The Vagina Monologues by Eve Ensler (now known as V) was originally produced as a play in New York City in October 1996 at the HERE Arts Center, off-Broadway. V, a Tony-award-winning playwright, began The Vagina Monologues by first talking with her friends about their experiences as women before interviewing over 200 women from various cultural and socioeconomic backgrounds. V compiled their responses to produce the first edition of The Vagina Monologues, which has now grown into a global phenomenon with international movements and annual benefit performances translated into multiple languages.

This study guide refers to the 20th anniversary edition of the play, published in 2018, which also includes “Spotlight Monologues” and a segment devoted to V-Day, “a global activist movement to end violence against all women and girls” (169). V-Day, which is celebrated on Valentine’s Day each year, aims to increase awareness of violence against women through performances of The Vagina Monologues and other works by V.

V has won Obie and Tony awards, among others, for The Vagina Monologues. Other works by V include Necessary Targets, The Good Body, and Insecure at Last.

Content Warning: The source text features graphic depictions and discussion of rape, sexual assault, suicide and suicidal ideation, and domestic and systemic violence against women, which this study guide also discusses.

Plot Summary

The Vagina Monologues is a collection of monologues exploring an array of experiences related to being a woman in various global, local, and interpersonal circumstances. V interviewed over 200 women to create The Vagina Monologues. Each monologue is fictionalized nonfiction, as the stories the narrators recount reflect lived experiences that women shared with V or that V researched herself.

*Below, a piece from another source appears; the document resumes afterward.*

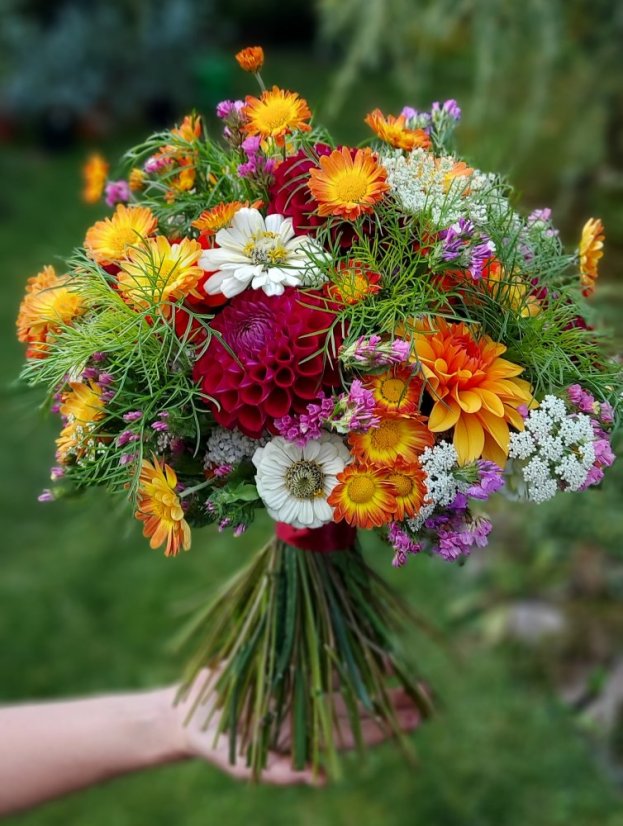 Předplatné na 8 kytic - Velikost: menší kytice (pouze Č. Budějovice)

In Part 1, which constitutes the original set of monologues from the first edition, narrators move through tales of rape, menstruation, lovers, pleasure, and vagina workshops. The untitled first monologue establishes the narrator’s concern about vaginas—namely, that women love talking about them but don’t necessarily spend much time looking at or thinking about them. She details several pet names women have for their vaginas before reiterating her concern.

Several monologues share individual women’s stories regarding their relationships with their vaginas—and the men who take issue with them. In “Hair,” a woman describes her husband’s disdain for her pubic hair, which she shaves to try and keep him from straying. “The Flood” centers on an older woman’s feelings about self-lubrication, for which she was shamed by her first date.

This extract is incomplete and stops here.